[Collected data entries]
• • • • • • •

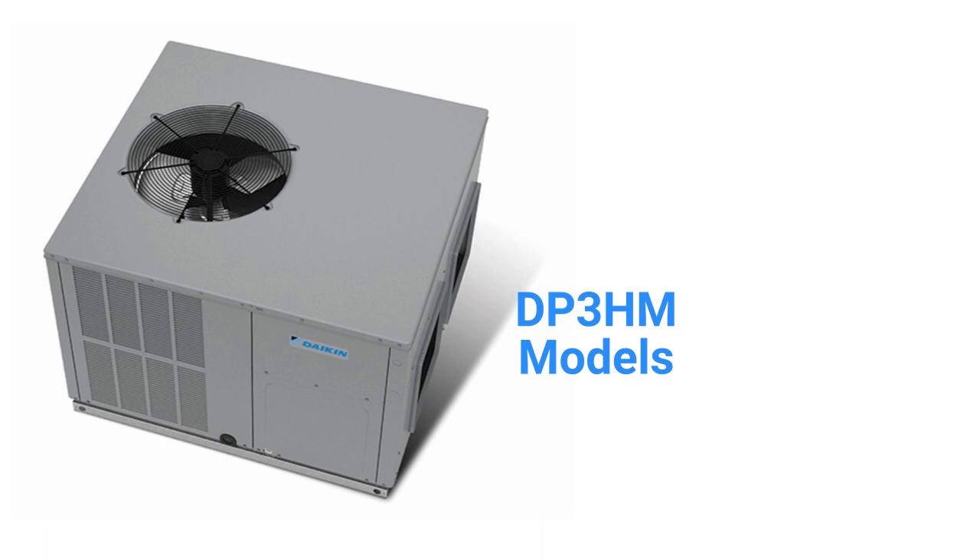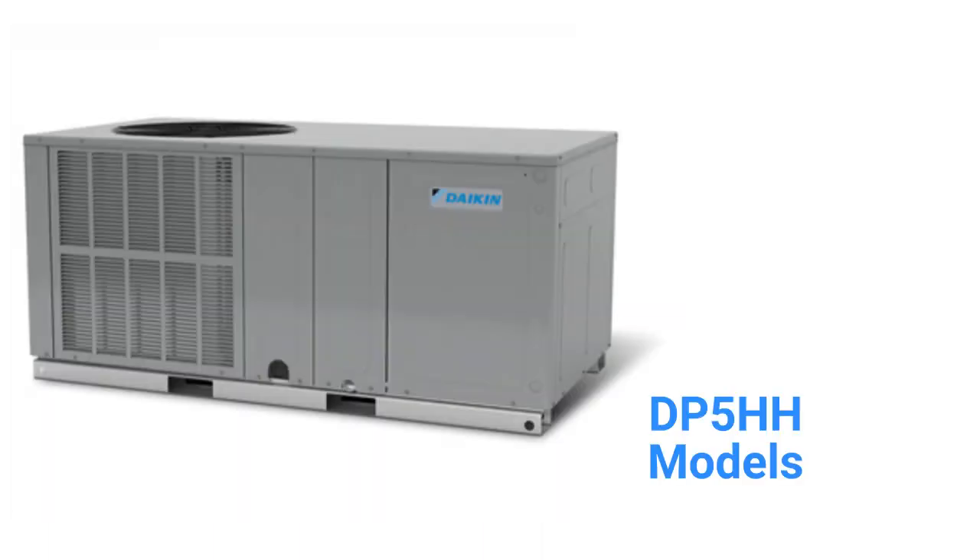The DP3HH models are basic heat pumps with a 14.3 SEER2 cooling efficiency and a 6.7 HSPF2 heating efficiency, designed for dedicated horizontal installations, while the DP3HM units are field convertible for either downflow or horizontal applications. They are noisy in operation with an 80 decibel rating, which is equivalent to an alarm clock.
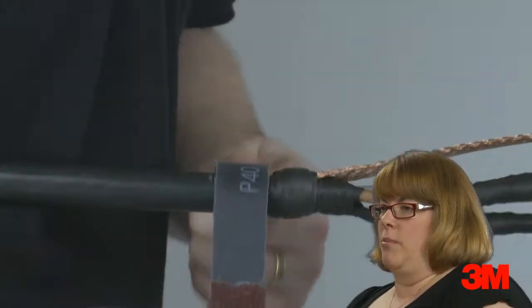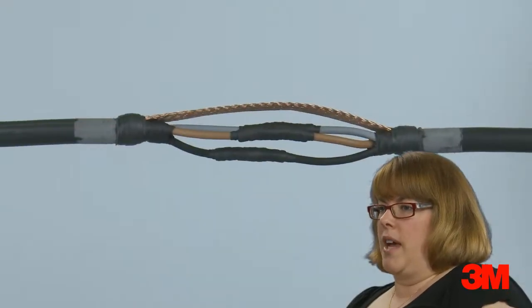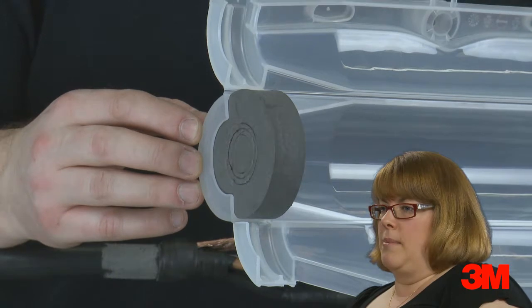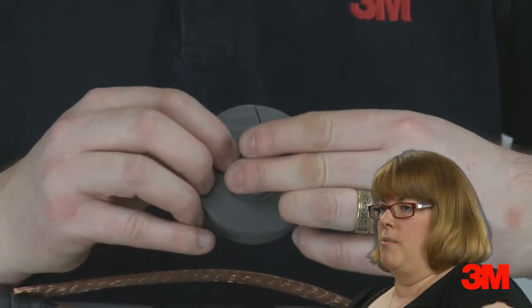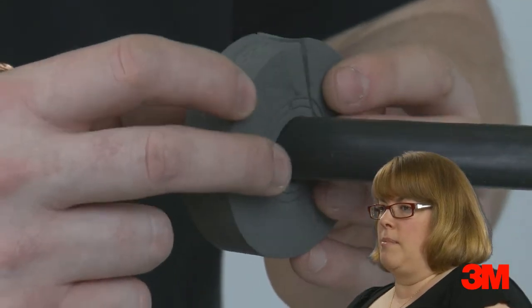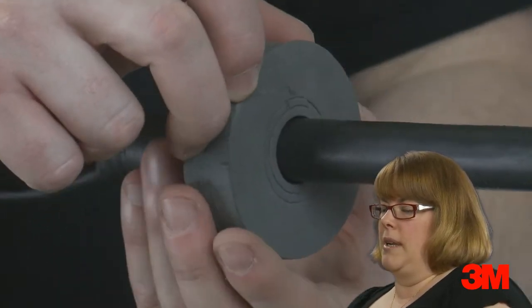Our standard and premium joint kits have range-taking foam seals at each end of the mould body, which can accommodate a range of cable sizes with a tight, reliable seal. These foam seals can be adapted to the required cable diameter by removing the pre-cut adapter rings. This innovative feature means that cutting to size and taping the ends of the resin mould can be eliminated.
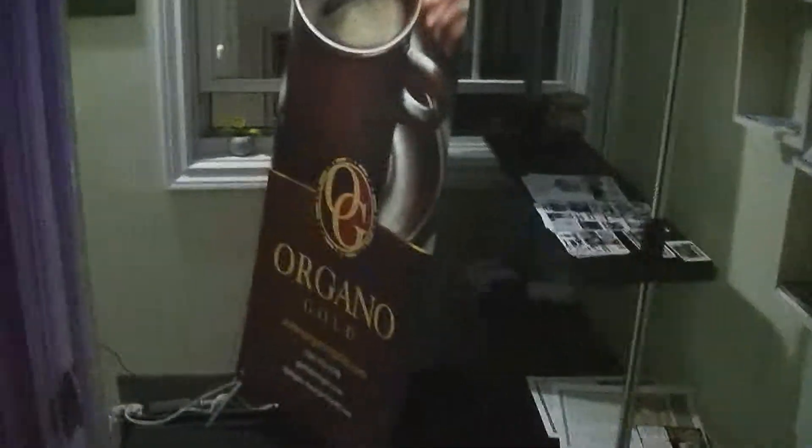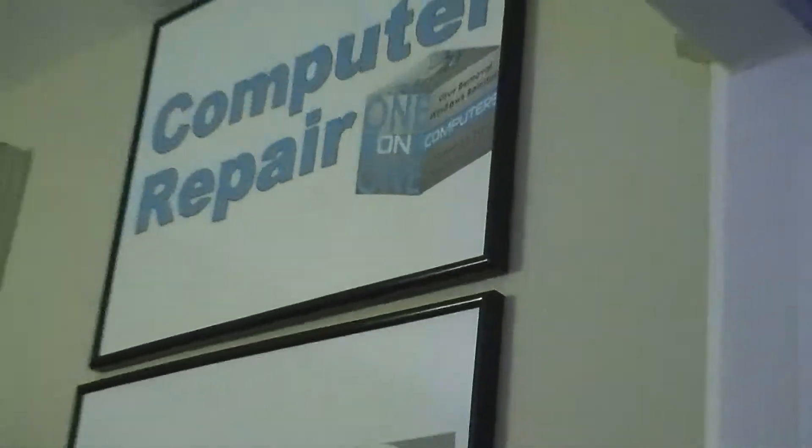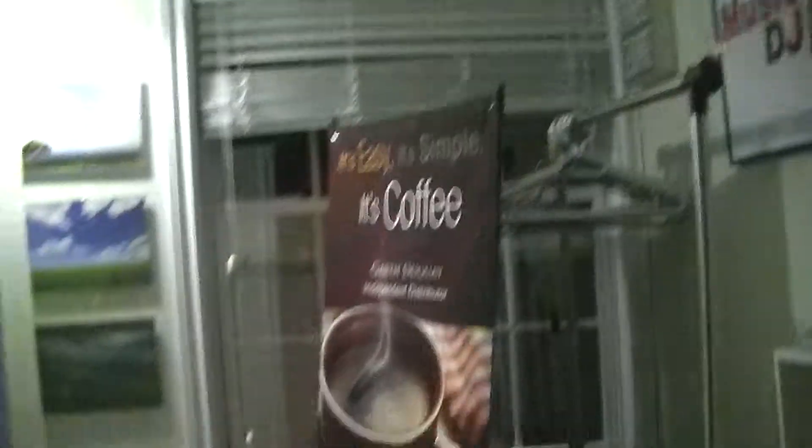Hello, here you are again at 101Computers. We're about to show you a rather interesting pinpoint spotlight. There's two of them, a blue and a red one.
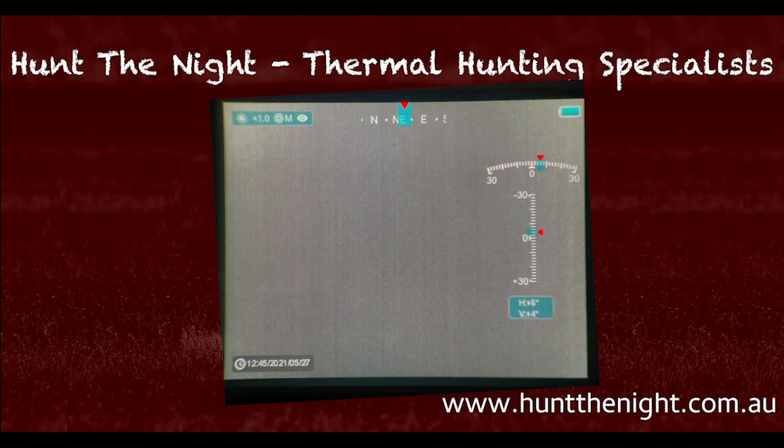That's it, guys. If you've got any more questions about these, let me know. They are available and ready to ship at our website at huntthenight.com.au. Feel free to like, subscribe, throw some comments on, and I'll talk to you on the next one. Thanks guys.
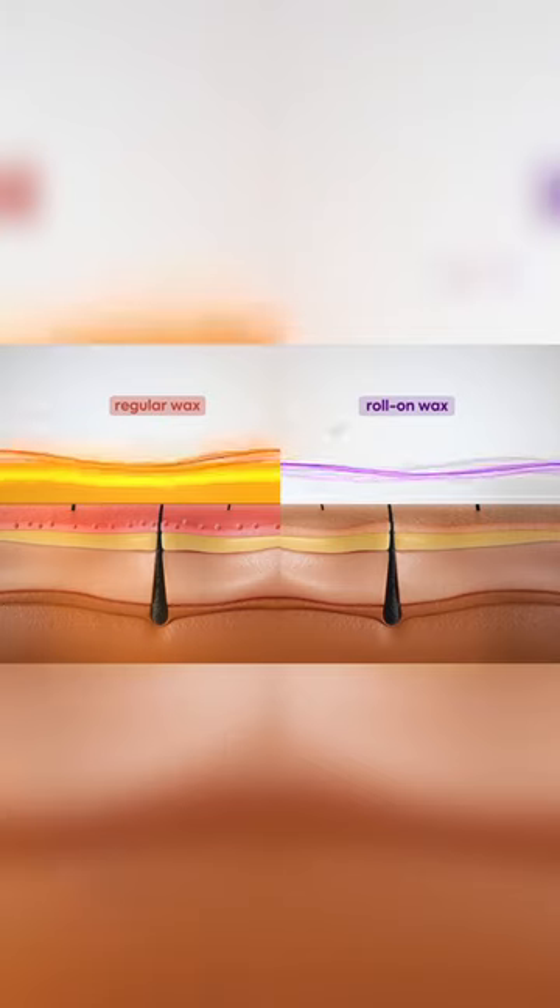Hi Curies! So today I'll be honestly reviewing roll-on waxing because this is what I was trying for the first time. So when I got hair growth, I was shown this ad on the TV for roll-on waxing. It was a lot promising, so I booked it from Urban Company.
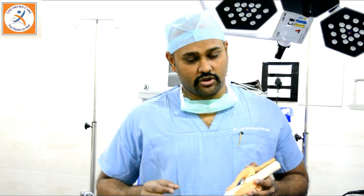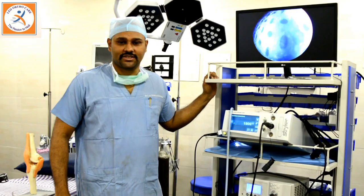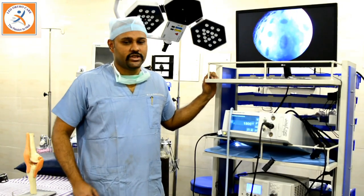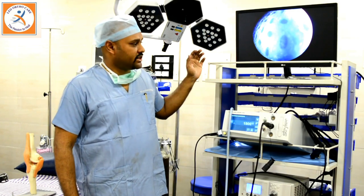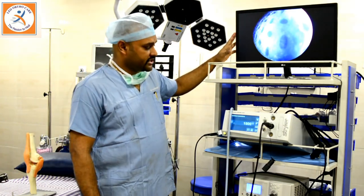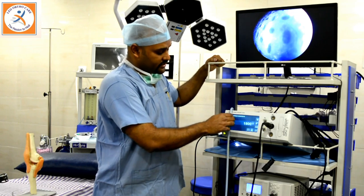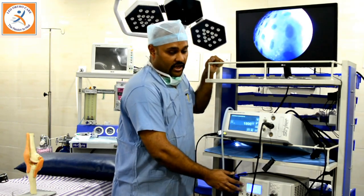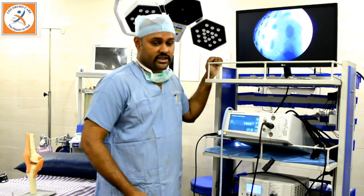Return back to normal life is also quicker when compared to open surgery. For arthroscopy we require some high-end machinery which is not available in all orthopedic centers. The machinery consists of one high-resolution monitor, a core console or shaver system, a high-output LED light, and the 3D chip camera.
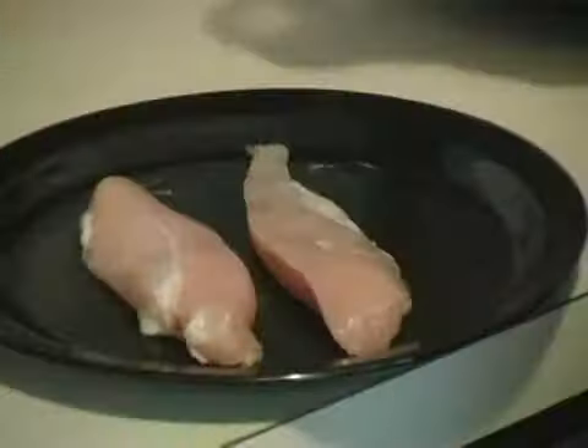Hi, I'm Chef Ben with Expert Village. Today we're going to be talking about lemon pepper chicken. First you start out with about four to six boneless chicken breasts. We got our chicken breasts.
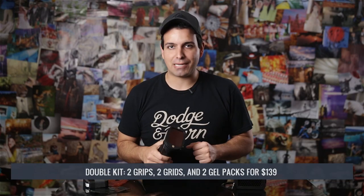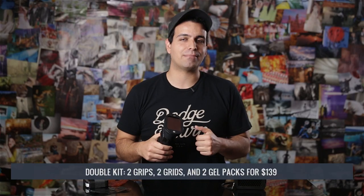In conclusion, I dig the MagMod. We're going to give it four out of five stars because it's an incredibly well-designed solution for portable strobe light modification — hands down probably the best design solution for portable strobe light modification. If you're a photographer that loves to strobe, act quick while the MagMod is still available via Kickstarter. Grab the double kit, which contains two grips, two grids, and two gel sets for the discount price of $139 instead of the standard retail of around $178.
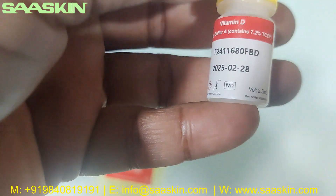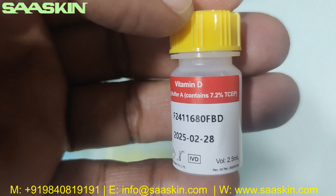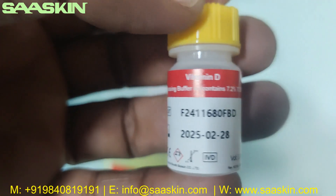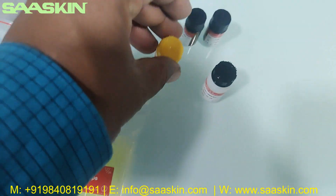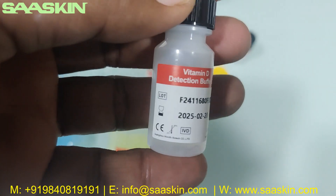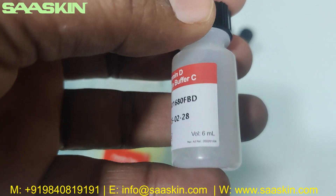Then you have one more bottle — this is releasing buffer A, containing 7.2% TCEP. You can see it also has a lot number and expiry period. This is a 2.5 ml bottle. There is also one larger bottle — that is the Vitamin D Reduction Buffer C, a 6 ml bottle, also with a lot number.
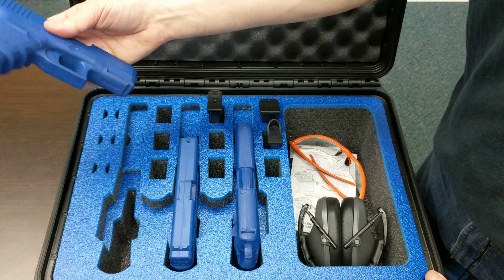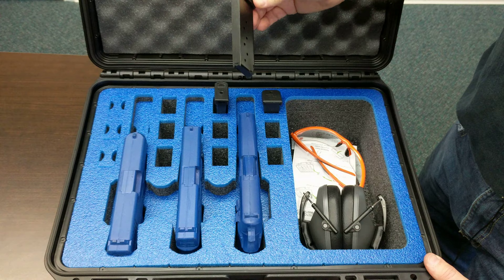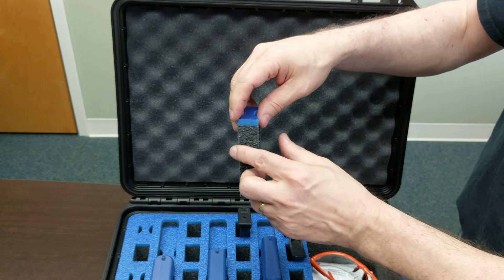It'll fit a multitude of pistols — anything from compacts, subcompacts, full-size — and also magazines. You can do double stacks, single stacks, compacts, subcompacts. We also include a removable piece over here so that you can cut that out and recess it down a little bit so that it can raise up the height of those smaller magazines.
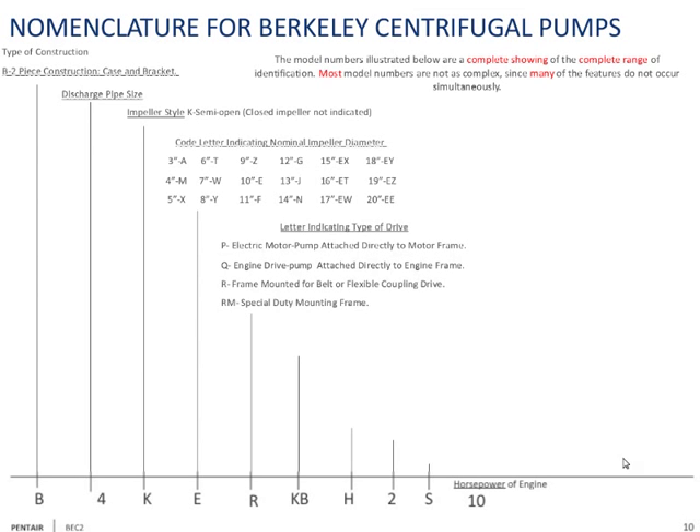The next letters indicate what type of pump you're buying. P means you're buying a closed coupled motor drive — pump and motor together. Q means some type of engine drive: if it's air-cooled, we supply the engine; if it's SAE, you supply the engine. R means it's a frame-mounted pump, which can be belt or coupling drive. Special-duty frames are marked RM.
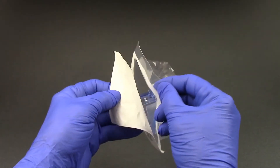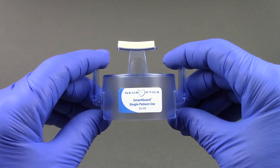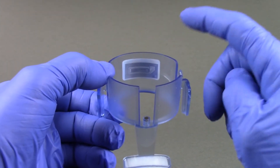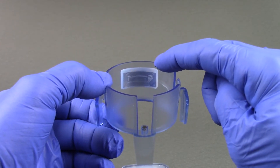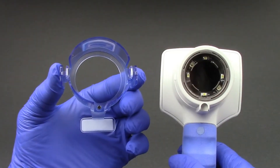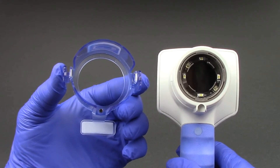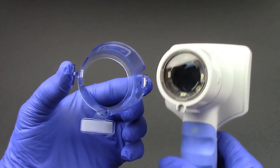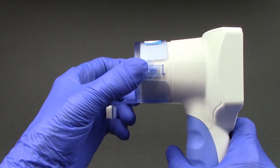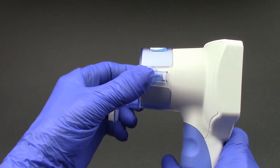Open a new disposable smart guard. The smart guard will be used on the same patient for the length of the patient's admission. The smart guard has an RFID memory tag that stores 168 paired pupil measurements, facilitating upload to the patient's electronic medical record. Attach the patient smart guard to the Pupilometer by placing it over the camera lens with the foam pad facing outward at the 6 o'clock position. Gently squeeze the smart guard side tabs to position it onto the NPI 200 Pupilometer. There will be an audible click when the smart guard is properly positioned.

• • • • • • •

__ASSIGNMENT__. Exactly as they appear above, give the records again, without their pictures.

__YOUR RESPONSE__.
The DP3HH models are basic heat pumps with a 14.3 SEER2 cooling efficiency and a 6.7 HSPF2 heating efficiency, designed for dedicated horizontal installations, while the DP3HM units are field convertible for either downflow or horizontal applications. They are noisy in operation with an 80 decibel rating, which is equivalent to an alarm clock.
Our standard and premium joint kits have range-taking foam seals at each end of the mould body, which can accommodate a range of cable sizes with a tight, reliable seal. These foam seals can be adapted to the required cable diameter by removing the pre-cut adapter rings. This innovative feature means that cutting to size and taping the ends of the resin mould can be eliminated.
Hello, here you are again at 101Computers. We're about to show you a rather interesting pinpoint spotlight. There's two of them, a blue and a red one.
That's it, guys. If you've got any more questions about these, let me know. They are available and ready to ship at our website at huntthenight.com.au. Feel free to like, subscribe, throw some comments on, and I'll talk to you on the next one. Thanks guys.
Hi Curies! So today I'll be honestly reviewing roll-on waxing because this is what I was trying for the first time. So when I got hair growth, I was shown this ad on the TV for roll-on waxing. It was a lot promising, so I booked it from Urban Company.
Return back to normal life is also quicker when compared to open surgery. For arthroscopy we require some high-end machinery which is not available in all orthopedic centers. The machinery consists of one high-resolution monitor, a core console or shaver system, a high-output LED light, and the 3D chip camera.
Hi, I'm Chef Ben with Expert Village. Today we're going to be talking about lemon pepper chicken. First you start out with about four to six boneless chicken breasts. We got our chicken breasts.
In conclusion, I dig the MagMod. We're going to give it four out of five stars because it's an incredibly well-designed solution for portable strobe light modification — hands down probably the best design solution for portable strobe light modification. If you're a photographer that loves to strobe, act quick while the MagMod is still available via Kickstarter. Grab the double kit, which contains two grips, two grids, and two gel sets for the discount price of $139 instead of the standard retail of around $178.
Then you have one more bottle — this is releasing buffer A, containing 7.2% TCEP. You can see it also has a lot number and expiry period. This is a 2.5 ml bottle. There is also one larger bottle — that is the Vitamin D Reduction Buffer C, a 6 ml bottle, also with a lot number.
It'll fit a multitude of pistols — anything from compacts, subcompacts, full-size — and also magazines. You can do double stacks, single stacks, compacts, subcompacts. We also include a removable piece over here so that you can cut that out and recess it down a little bit so that it can raise up the height of those smaller magazines.
The next letters indicate what type of pump you're buying. P means you're buying a closed coupled motor drive — pump and motor together. Q means some type of engine drive: if it's air-cooled, we supply the engine; if it's SAE, you supply the engine. R means it's a frame-mounted pump, which can be belt or coupling drive. Special-duty frames are marked RM.
Open a new disposable smart guard. The smart guard will be used on the same patient for the length of the patient's admission. The smart guard has an RFID memory tag that stores 168 paired pupil measurements, facilitating upload to the patient's electronic medical record. Attach the patient smart guard to the Pupilometer by placing it over the camera lens with the foam pad facing outward at the 6 o'clock position. Gently squeeze the smart guard side tabs to position it onto the NPI 200 Pupilometer. There will be an audible click when the smart guard is properly positioned.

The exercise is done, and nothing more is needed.